## Exercise requirements
Ignoring the pictures, repeat every entry below exactly as it appears.

(Image-text web data)
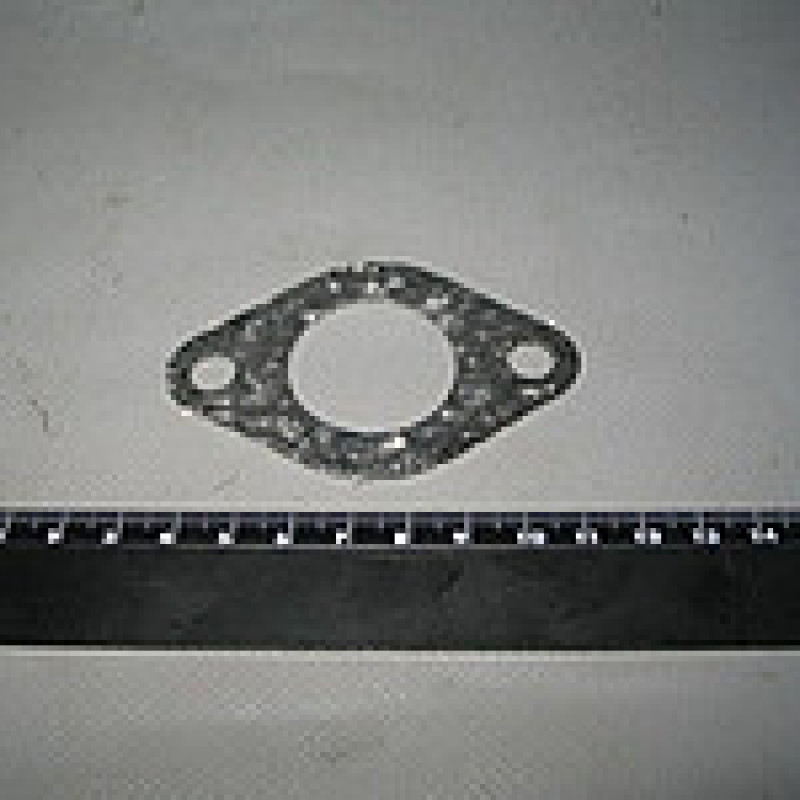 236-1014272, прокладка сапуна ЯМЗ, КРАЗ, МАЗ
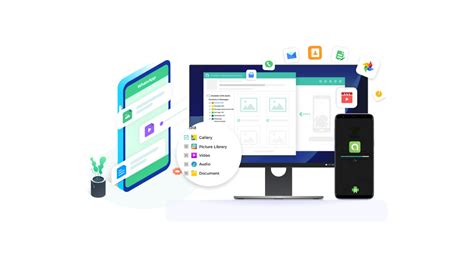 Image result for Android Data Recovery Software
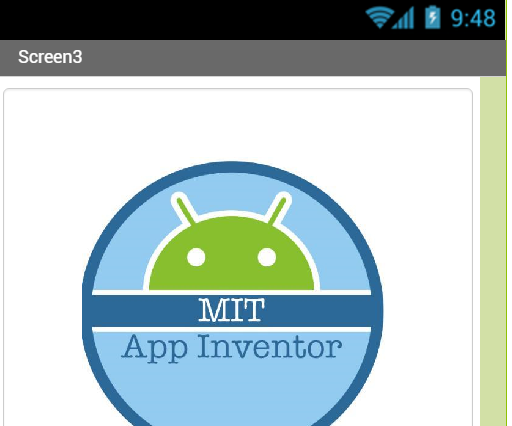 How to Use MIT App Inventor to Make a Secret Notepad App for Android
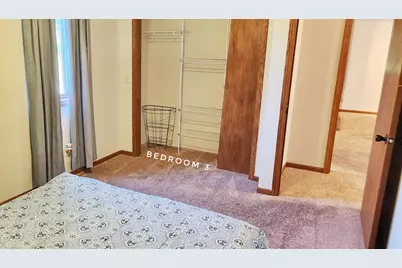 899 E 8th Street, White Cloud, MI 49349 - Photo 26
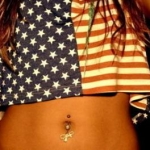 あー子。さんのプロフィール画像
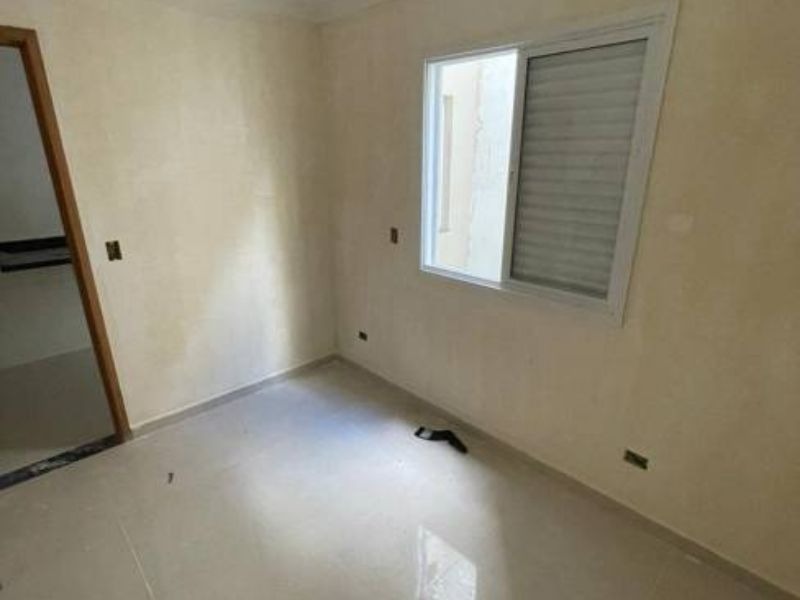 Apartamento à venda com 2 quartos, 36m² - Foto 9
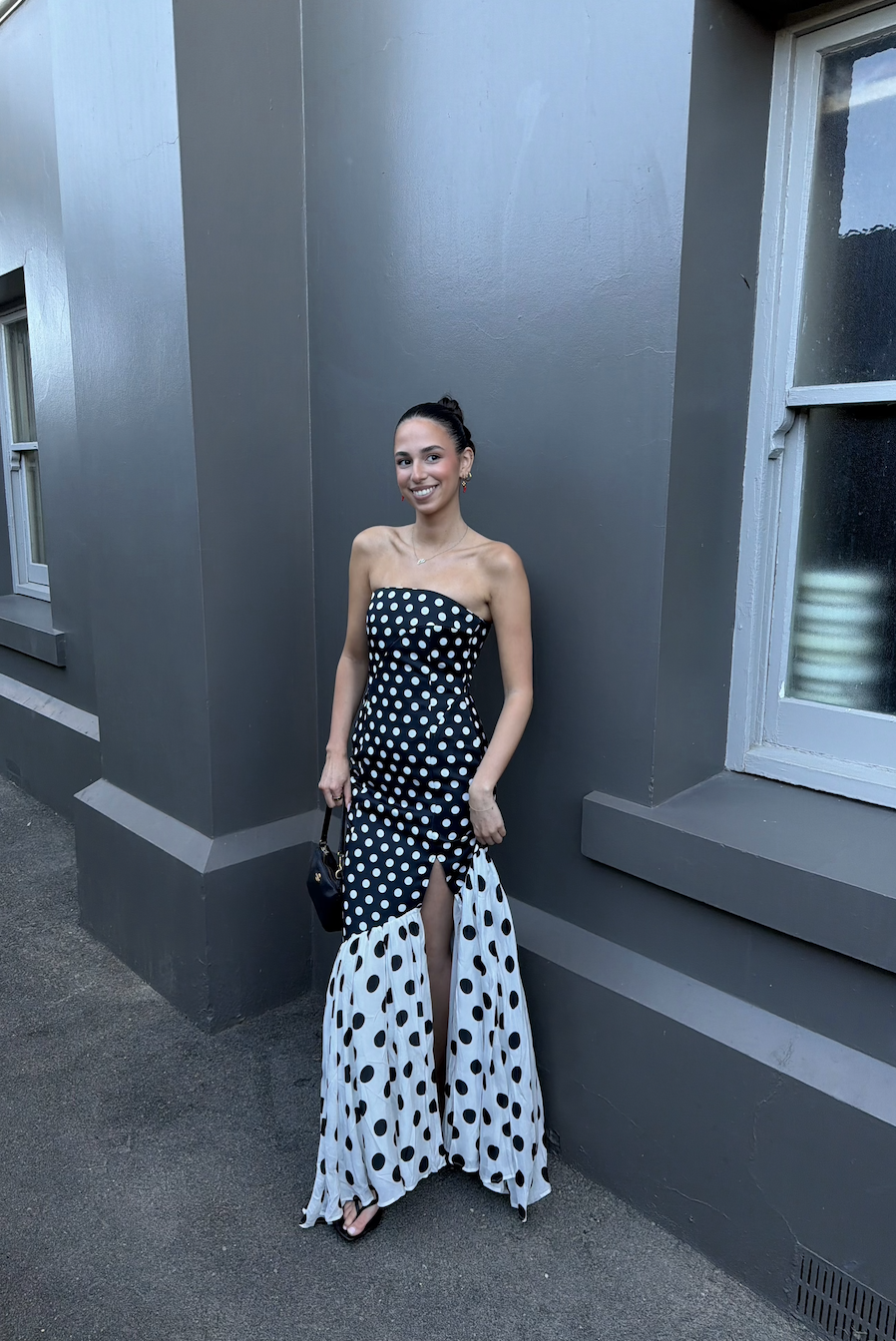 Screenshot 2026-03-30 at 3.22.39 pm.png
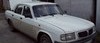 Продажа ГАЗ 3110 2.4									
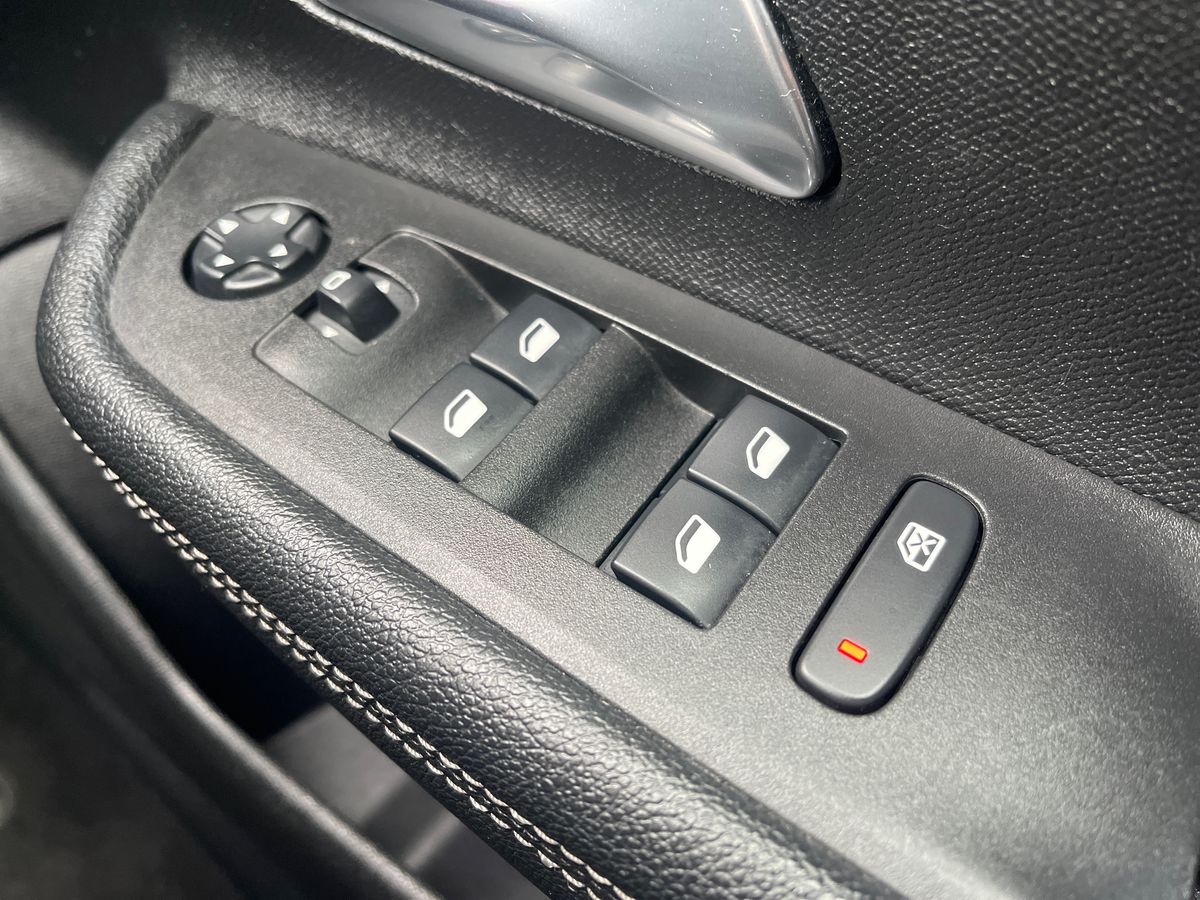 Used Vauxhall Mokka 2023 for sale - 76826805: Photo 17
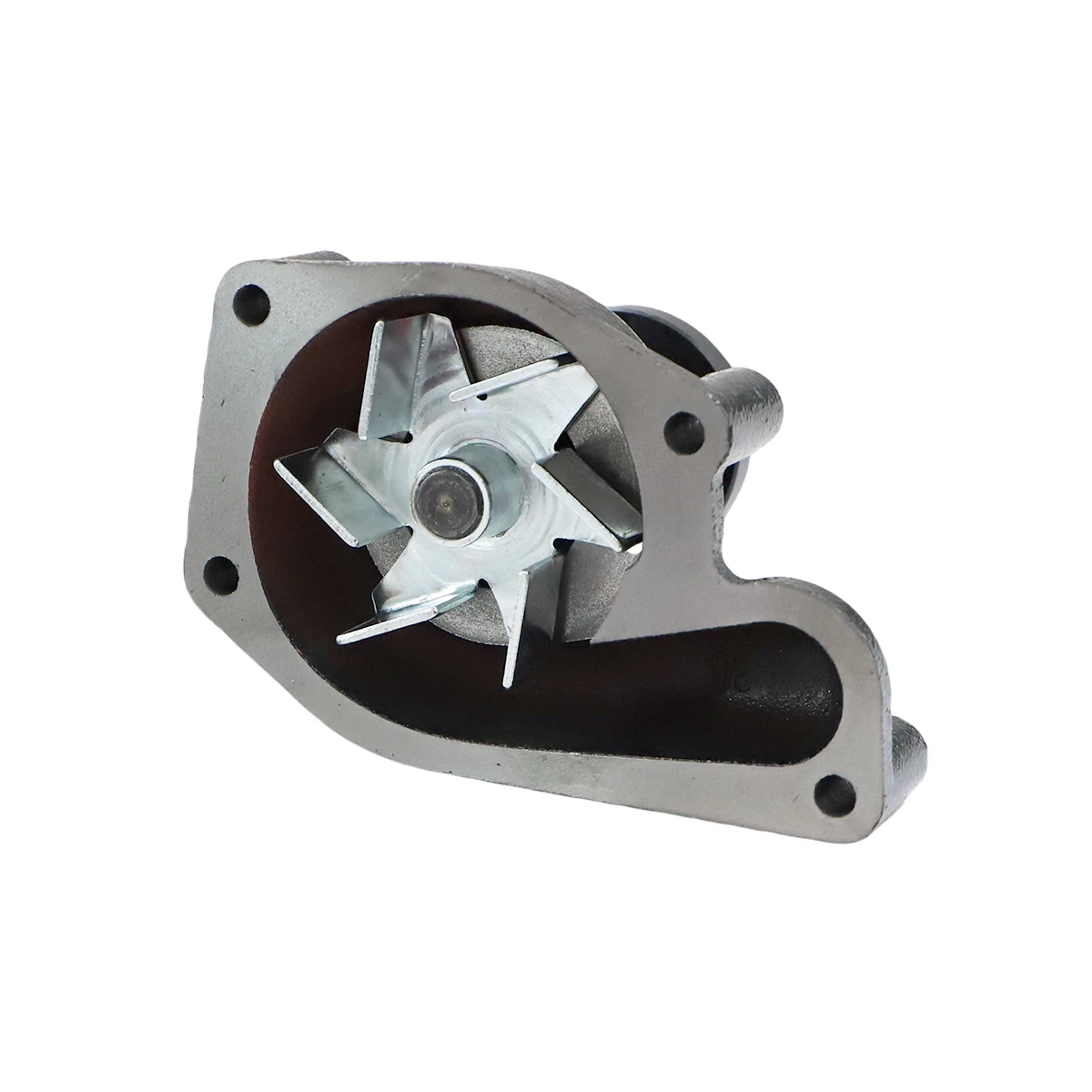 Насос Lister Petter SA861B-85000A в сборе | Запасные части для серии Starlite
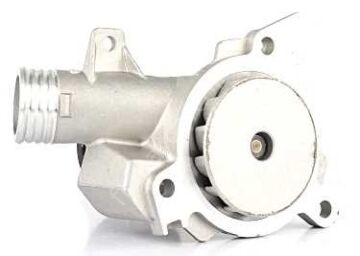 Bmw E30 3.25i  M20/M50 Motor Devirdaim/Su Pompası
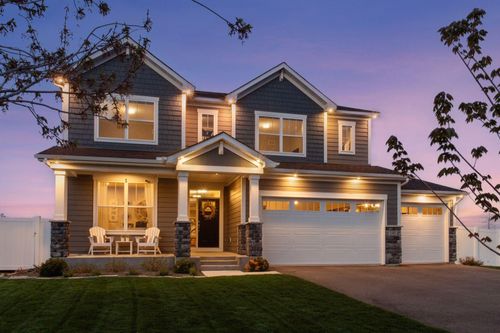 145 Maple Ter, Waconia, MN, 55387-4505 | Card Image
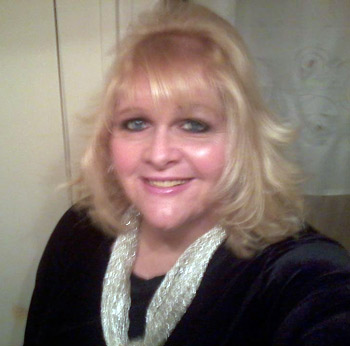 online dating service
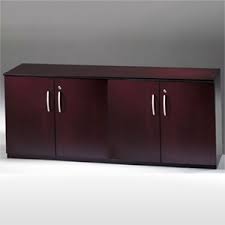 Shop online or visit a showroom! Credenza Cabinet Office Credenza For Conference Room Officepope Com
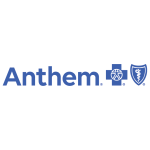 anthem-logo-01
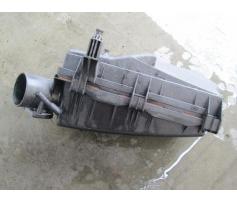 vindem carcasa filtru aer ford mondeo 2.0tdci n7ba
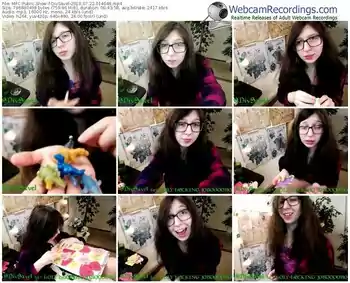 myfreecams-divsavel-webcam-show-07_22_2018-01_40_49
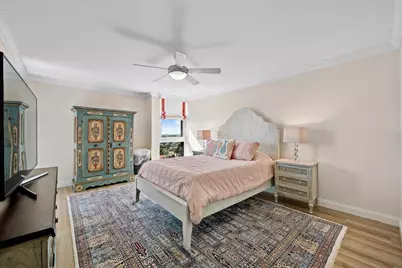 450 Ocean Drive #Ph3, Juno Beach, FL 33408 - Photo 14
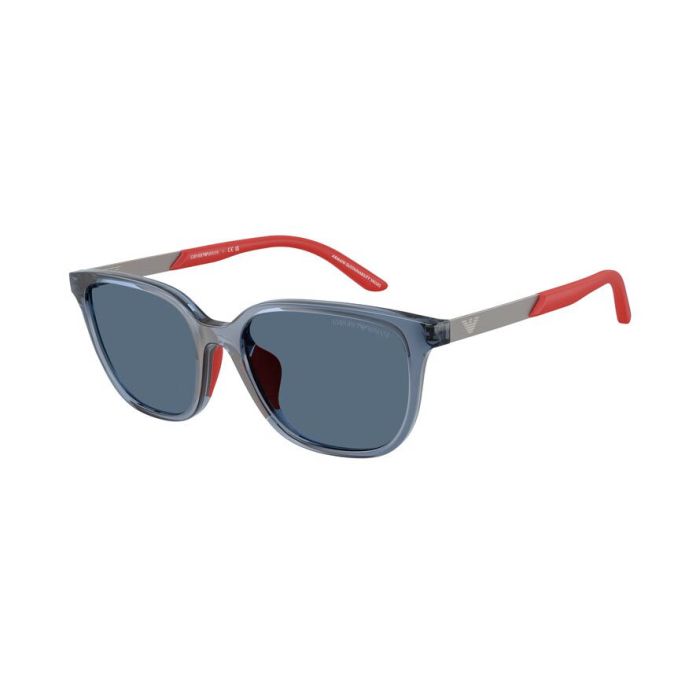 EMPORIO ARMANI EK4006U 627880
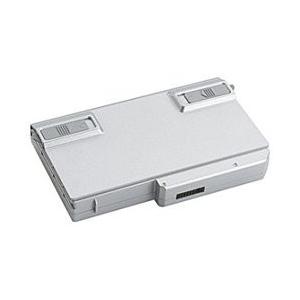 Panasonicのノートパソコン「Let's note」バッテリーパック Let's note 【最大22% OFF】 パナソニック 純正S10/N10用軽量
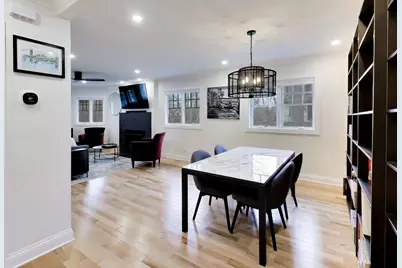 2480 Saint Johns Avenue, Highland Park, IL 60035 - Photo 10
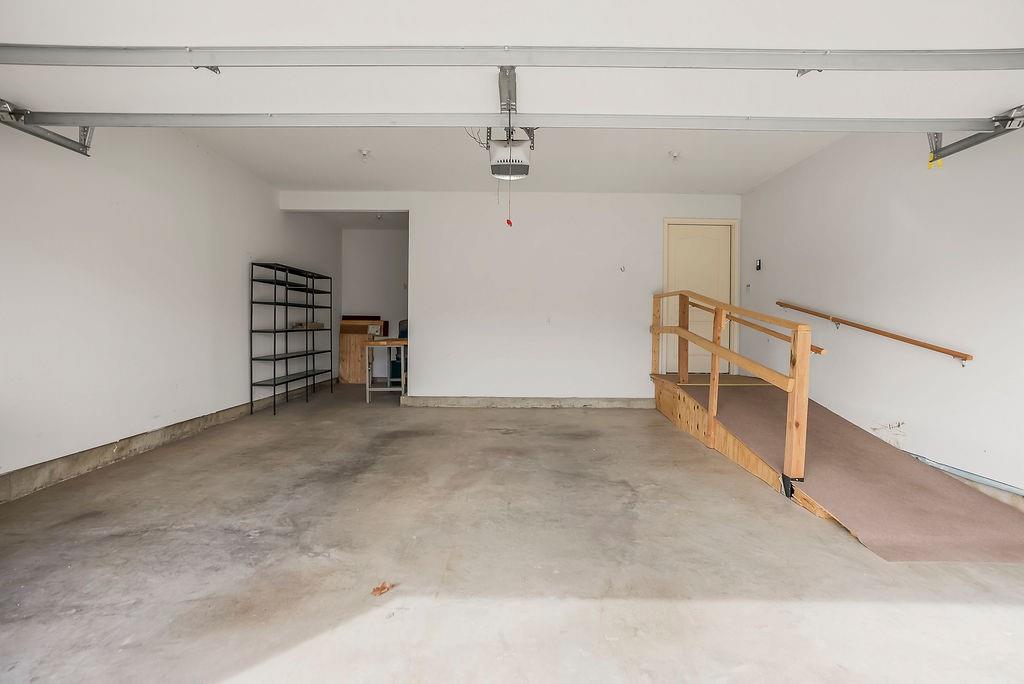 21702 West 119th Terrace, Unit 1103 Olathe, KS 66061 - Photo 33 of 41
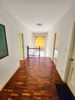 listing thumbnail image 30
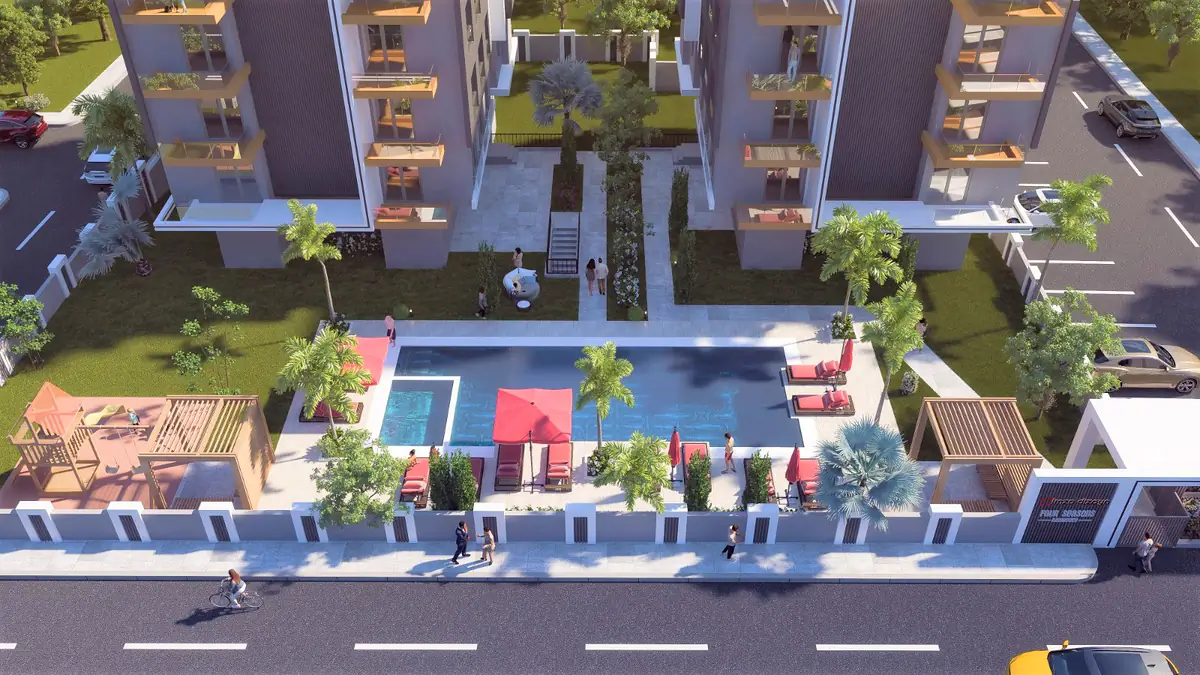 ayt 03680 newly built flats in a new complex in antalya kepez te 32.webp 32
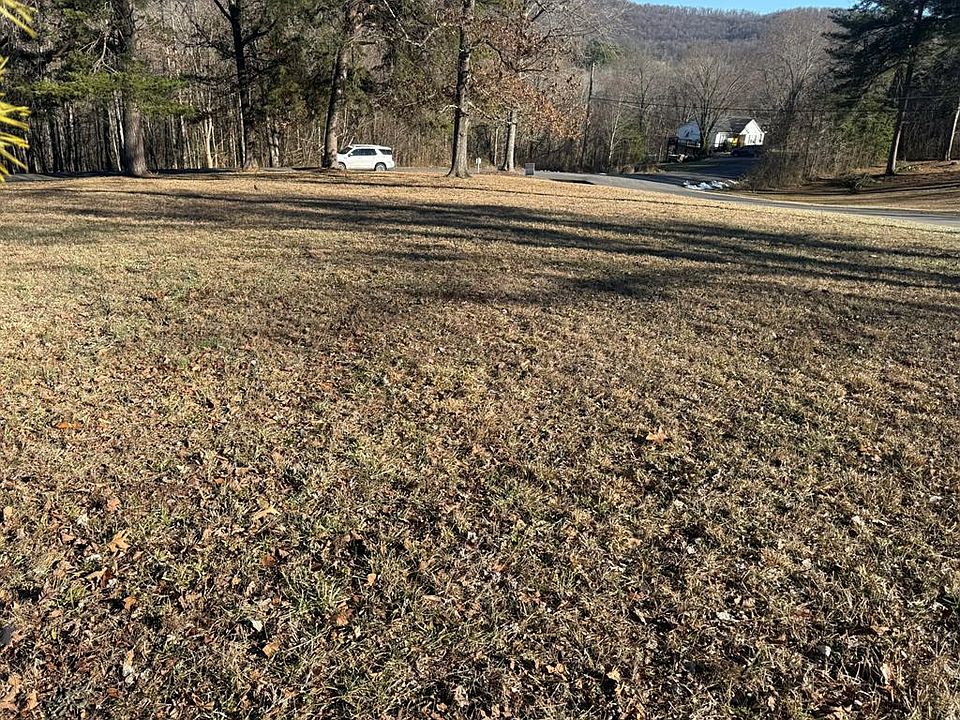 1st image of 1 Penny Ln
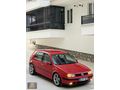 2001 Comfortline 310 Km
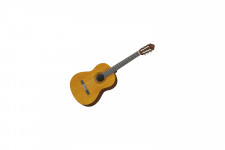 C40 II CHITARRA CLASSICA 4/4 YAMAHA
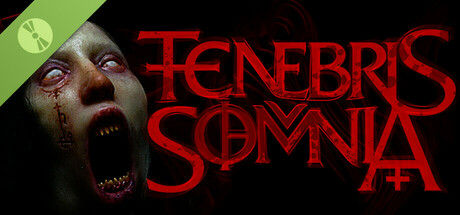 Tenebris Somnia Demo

## Exercise result
 236-1014272, прокладка сапуна ЯМЗ, КРАЗ, МАЗ
 Image result for Android Data Recovery Software
 How to Use MIT App Inventor to Make a Secret Notepad App for Android
 899 E 8th Street, White Cloud, MI 49349 - Photo 26
 あー子。さんのプロフィール画像
 Apartamento à venda com 2 quartos, 36m² - Foto 9
 Screenshot 2026-03-30 at 3.22.39 pm.png
 Продажа ГАЗ 3110 2.4									
 Used Vauxhall Mokka 2023 for sale - 76826805: Photo 17
 Насос Lister Petter SA861B-85000A в сборе | Запасные части для серии Starlite
 Bmw E30 3.25i  M20/M50 Motor Devirdaim/Su Pompası
 145 Maple Ter, Waconia, MN, 55387-4505 | Card Image
 online dating service
 Shop online or visit a showroom! Credenza Cabinet Office Credenza For Conference Room Officepope Com
 anthem-logo-01
 vindem carcasa filtru aer ford mondeo 2.0tdci n7ba
 myfreecams-divsavel-webcam-show-07_22_2018-01_40_49
 450 Ocean Drive #Ph3, Juno Beach, FL 33408 - Photo 14
 EMPORIO ARMANI EK4006U 627880
 Panasonicのノートパソコン「Let's note」バッテリーパック Let's note 【最大22% OFF】 パナソニック 純正S10/N10用軽量
 2480 Saint Johns Avenue, Highland Park, IL 60035 - Photo 10
 21702 West 119th Terrace, Unit 1103 Olathe, KS 66061 - Photo 33 of 41
 listing thumbnail image 30
 ayt 03680 newly built flats in a new complex in antalya kepez te 32.webp 32
 1st image of 1 Penny Ln
 2001 Comfortline 310 Km
 C40 II CHITARRA CLASSICA 4/4 YAMAHA
 Tenebris Somnia Demo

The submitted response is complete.